Did Bach’s wife write some of his best-known works?

30 April 2018, 16:53 | Updated: 30 April 2018, 16:58

A professor of music has boldly claimed that Bach's wife, Anna Magdalena, was the real composer of her husband's best-known pieces.

Historians have long said that Bach’s wife, Anna Magdalena, helped her husband by writing out his compositions.

But in his 2014 documentary, Martin Jarvis, a professor of music at Charles Darwin University in Australia, dropped the bombshell that J.S. Bach's second wife was (perhaps) far more than just a scribe.

After conducting forensic analysis of the ink and handwriting style in Bach manuscripts, Jarvis concluded that three of Bach's most celebrated works were actually penned by Anna Magdalena, who was his second wife.

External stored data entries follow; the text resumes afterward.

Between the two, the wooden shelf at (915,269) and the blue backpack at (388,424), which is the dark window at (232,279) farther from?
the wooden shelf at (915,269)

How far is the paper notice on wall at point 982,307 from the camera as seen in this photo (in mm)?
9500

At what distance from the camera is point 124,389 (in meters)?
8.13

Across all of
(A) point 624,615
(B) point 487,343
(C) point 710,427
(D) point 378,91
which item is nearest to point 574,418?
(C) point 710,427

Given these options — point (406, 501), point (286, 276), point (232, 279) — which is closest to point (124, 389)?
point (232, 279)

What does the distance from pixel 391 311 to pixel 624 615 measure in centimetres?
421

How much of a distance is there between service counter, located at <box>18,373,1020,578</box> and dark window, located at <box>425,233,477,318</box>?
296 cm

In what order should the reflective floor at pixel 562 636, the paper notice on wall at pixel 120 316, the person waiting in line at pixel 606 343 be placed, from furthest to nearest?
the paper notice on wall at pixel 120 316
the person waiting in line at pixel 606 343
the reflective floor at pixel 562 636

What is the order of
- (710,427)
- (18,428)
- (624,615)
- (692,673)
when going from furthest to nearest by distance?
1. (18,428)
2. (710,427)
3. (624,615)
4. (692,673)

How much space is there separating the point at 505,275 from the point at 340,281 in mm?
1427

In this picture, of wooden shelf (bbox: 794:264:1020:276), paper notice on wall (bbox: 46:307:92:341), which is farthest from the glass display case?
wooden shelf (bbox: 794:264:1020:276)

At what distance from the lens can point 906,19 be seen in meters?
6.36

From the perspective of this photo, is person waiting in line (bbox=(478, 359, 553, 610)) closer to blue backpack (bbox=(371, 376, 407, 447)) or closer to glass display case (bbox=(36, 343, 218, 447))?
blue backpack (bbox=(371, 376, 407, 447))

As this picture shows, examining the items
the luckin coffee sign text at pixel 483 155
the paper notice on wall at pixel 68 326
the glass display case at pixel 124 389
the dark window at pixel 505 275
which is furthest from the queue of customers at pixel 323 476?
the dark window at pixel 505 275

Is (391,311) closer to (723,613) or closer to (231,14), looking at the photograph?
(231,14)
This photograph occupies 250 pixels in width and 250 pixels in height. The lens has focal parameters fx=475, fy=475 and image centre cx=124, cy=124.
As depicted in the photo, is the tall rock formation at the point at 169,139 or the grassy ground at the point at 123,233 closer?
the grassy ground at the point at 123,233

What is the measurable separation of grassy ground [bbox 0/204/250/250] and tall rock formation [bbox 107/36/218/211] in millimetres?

The three works were the 'Aria' from the Goldberg Variations; the first Prelude from The Well-Tempered Clavier (Book 1) and possibly some of the Cello Suites.

Heidi Harralson, a forensic document examiner, backed Jarvis's view, saying she is sure "within a reasonable degree of scientific certainty" that Anna Magdalena was most likely the composer of these works.

The researchers believe that, due to the nature of the corrections and the fact that the writing is light, she was actually composing the works as she wrote them down. They say that someone copying music would write in a heavy, slow style.  

 
Bach Manuscript

 

Their findings were presented in a documentary called Written By Mrs Bach, which was screened at BAFTA in London on Wednesday 29 October 2014. British composer Sally Beamish, who presents the documentary, said: "What I found fascinating is the questions it raises about the assumptions we make: that music is always written by one person and all the great masters were male by definition."

Bach married Anna in December 1721, 17 months after the death of his first wife – his second cousin, Maria. Together, they raised his children and had 13 of their own. Anna was also a gifted soprano who continued to sing professionally after the marriage.

Martin Jarvis explains in the trailer: "All the music for which Bach is famous comes after he met Anna Magdalena. Either she was his inspiration, or she was involved.

"But they wanted to expunge Anna Magdalena from the history books."